> _The problem_: Beginning with the first line below, retype exactly each line through the one containing "img-8608.jpg". Leave out all pictures.

> _Dataset_:
☆ ☆ ☆ ☆
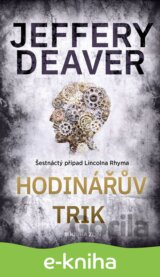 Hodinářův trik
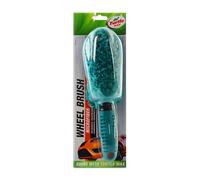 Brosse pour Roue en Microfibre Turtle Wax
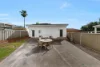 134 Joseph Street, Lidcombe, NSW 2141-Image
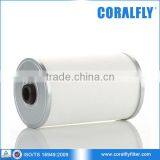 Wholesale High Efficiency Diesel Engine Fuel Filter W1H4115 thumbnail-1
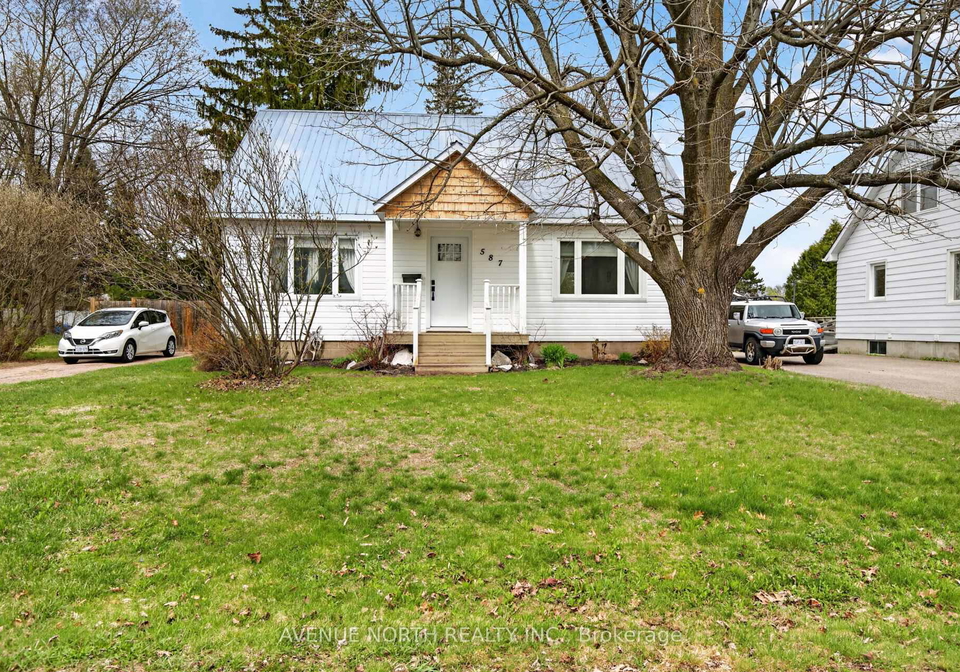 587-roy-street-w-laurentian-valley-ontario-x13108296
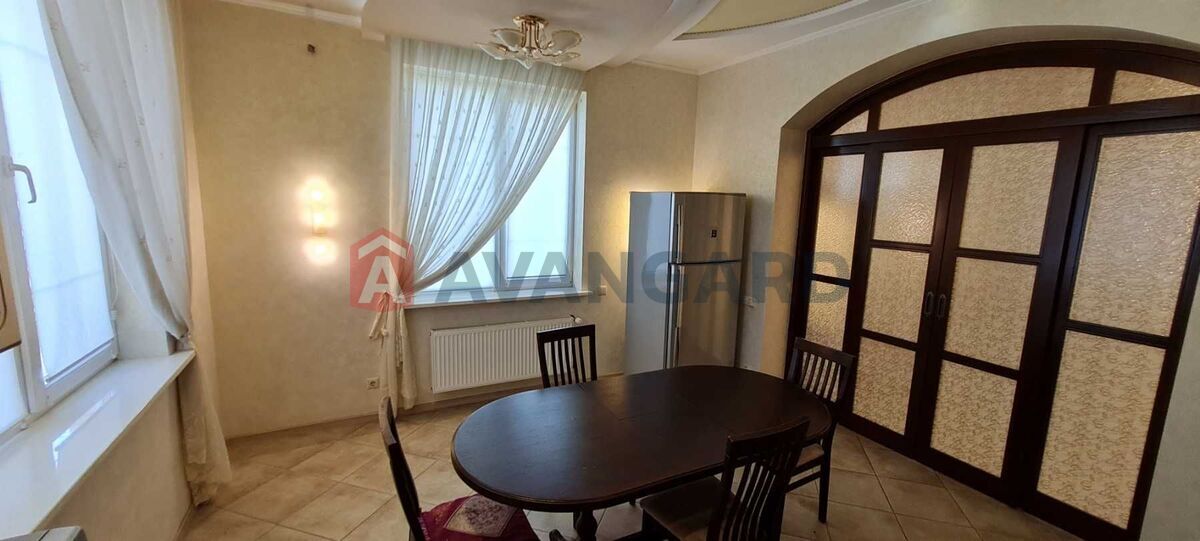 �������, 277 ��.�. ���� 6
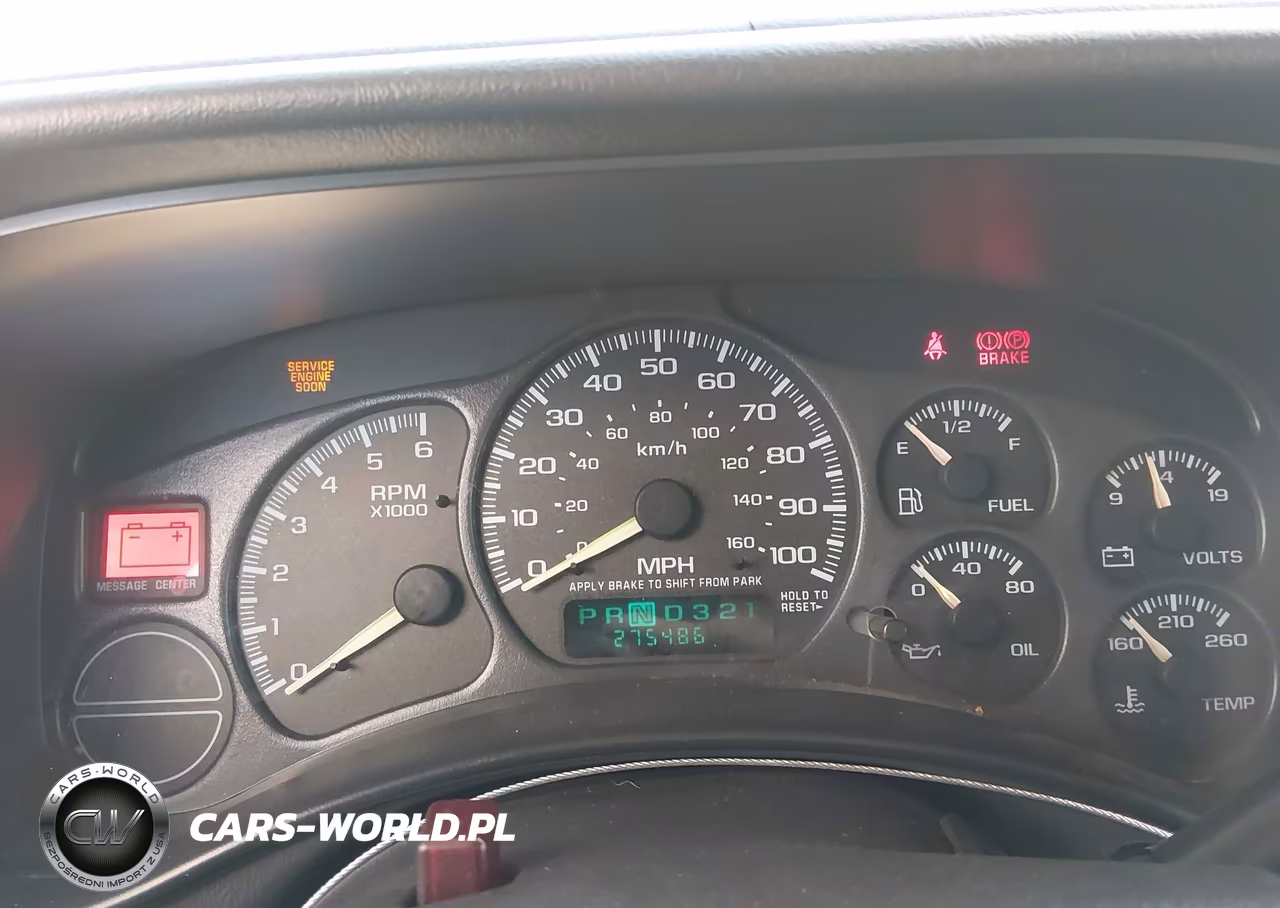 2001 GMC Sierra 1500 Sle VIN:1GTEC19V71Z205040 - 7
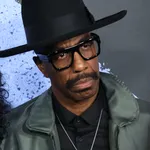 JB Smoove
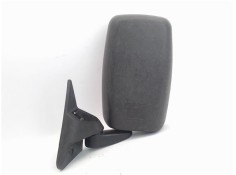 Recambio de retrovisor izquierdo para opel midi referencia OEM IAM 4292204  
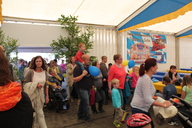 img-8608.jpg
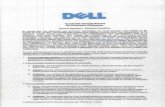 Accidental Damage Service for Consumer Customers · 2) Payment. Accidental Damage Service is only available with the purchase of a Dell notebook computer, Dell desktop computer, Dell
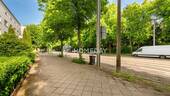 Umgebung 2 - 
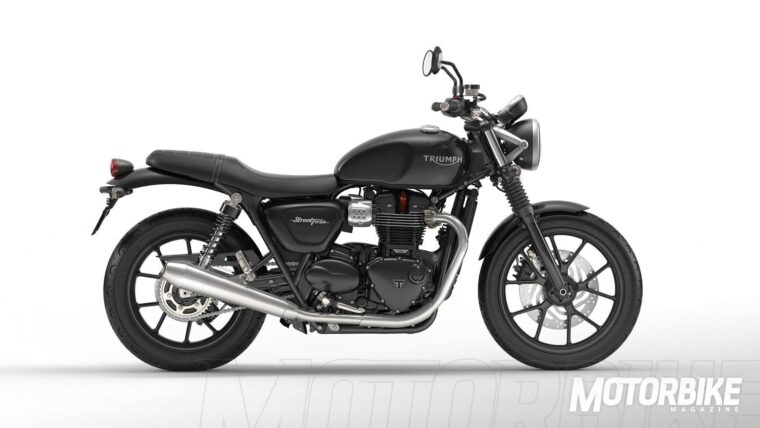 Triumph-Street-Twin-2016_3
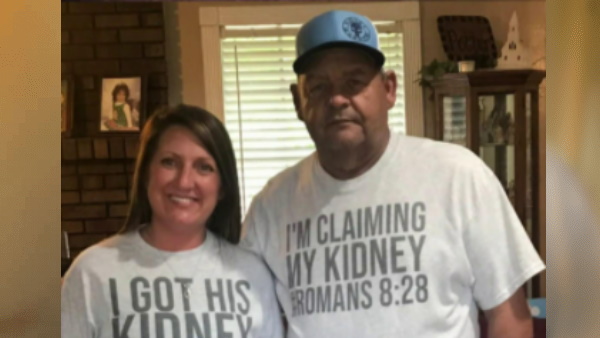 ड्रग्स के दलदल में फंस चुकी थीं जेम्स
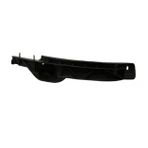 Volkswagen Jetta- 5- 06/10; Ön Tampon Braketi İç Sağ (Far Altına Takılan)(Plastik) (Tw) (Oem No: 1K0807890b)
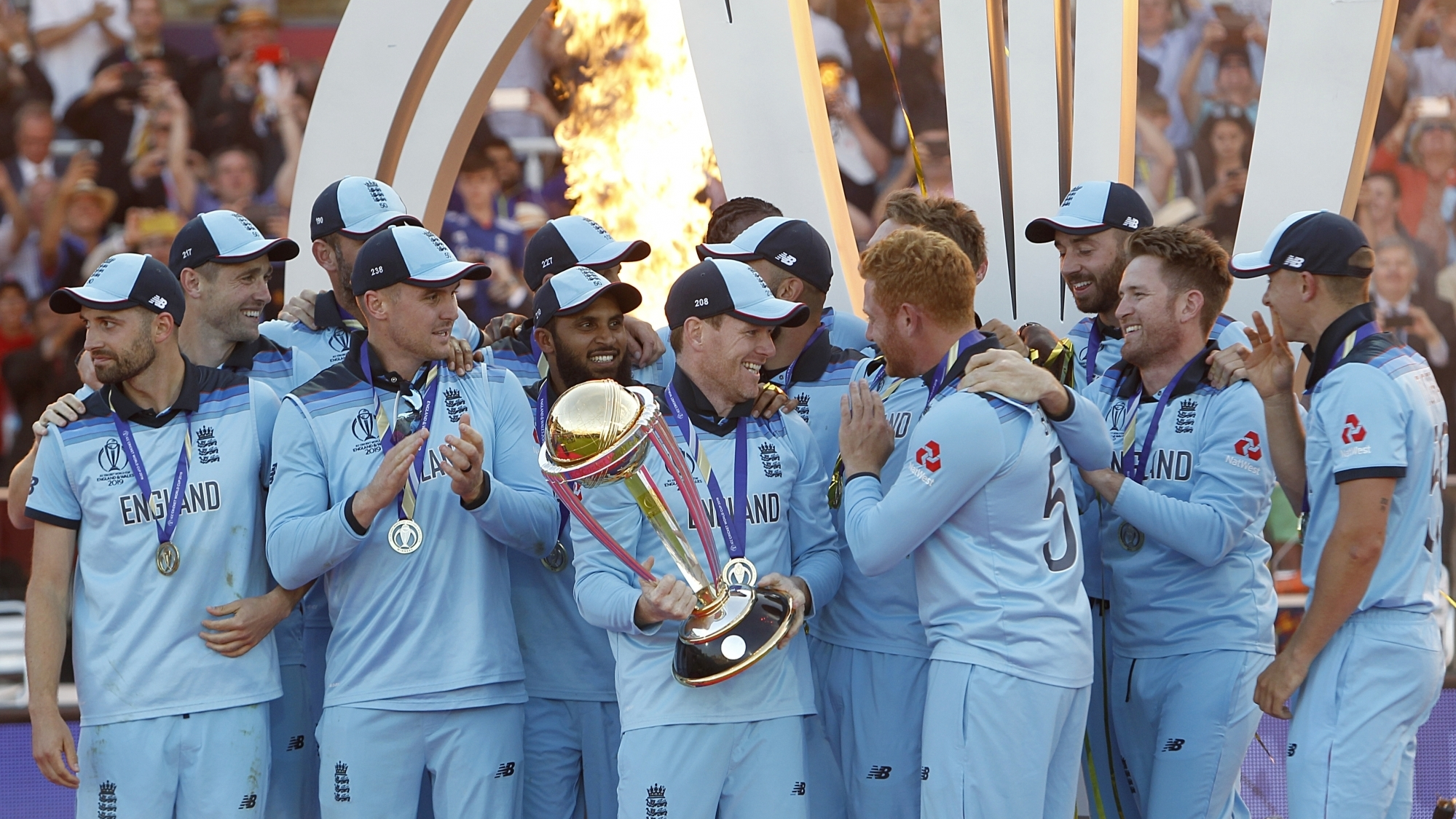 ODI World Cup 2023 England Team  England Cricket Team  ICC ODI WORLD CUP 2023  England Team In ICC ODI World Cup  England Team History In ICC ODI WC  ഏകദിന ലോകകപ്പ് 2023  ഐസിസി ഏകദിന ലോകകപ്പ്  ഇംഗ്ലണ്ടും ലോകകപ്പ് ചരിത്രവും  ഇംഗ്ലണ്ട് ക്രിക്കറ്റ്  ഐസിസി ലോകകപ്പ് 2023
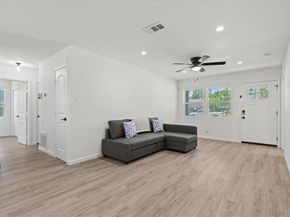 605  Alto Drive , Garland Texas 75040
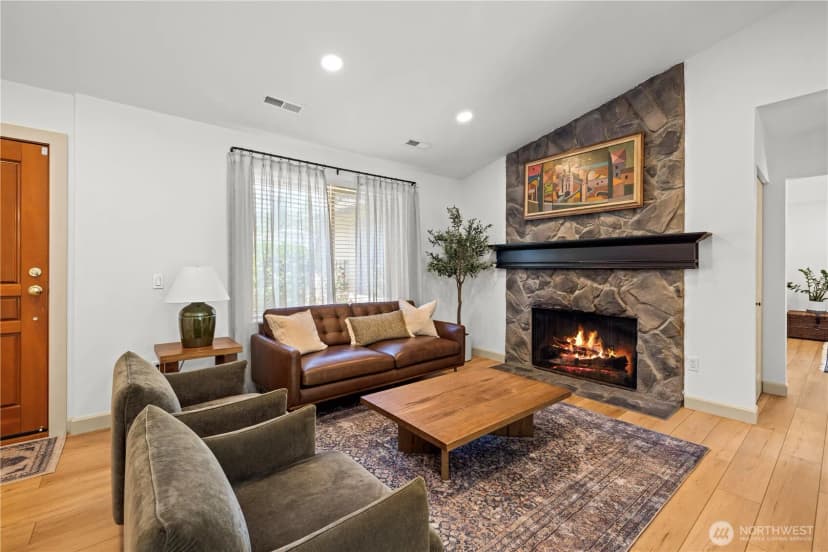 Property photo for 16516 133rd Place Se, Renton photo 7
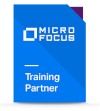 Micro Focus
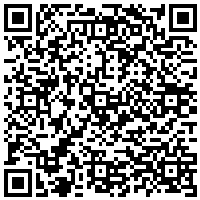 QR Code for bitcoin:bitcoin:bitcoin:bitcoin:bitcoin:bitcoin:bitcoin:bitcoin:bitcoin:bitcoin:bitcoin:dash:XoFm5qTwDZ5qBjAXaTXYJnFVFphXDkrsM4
☆ ☆ ☆ ☆
> _Answer to the exercise_:
 Hodinářův trik
 Brosse pour Roue en Microfibre Turtle Wax
 134 Joseph Street, Lidcombe, NSW 2141-Image
 Wholesale High Efficiency Diesel Engine Fuel Filter W1H4115 thumbnail-1
 587-roy-street-w-laurentian-valley-ontario-x13108296
 �������, 277 ��.�. ���� 6
 2001 GMC Sierra 1500 Sle VIN:1GTEC19V71Z205040 - 7
 JB Smoove
 Recambio de retrovisor izquierdo para opel midi referencia OEM IAM 4292204  
 img-8608.jpg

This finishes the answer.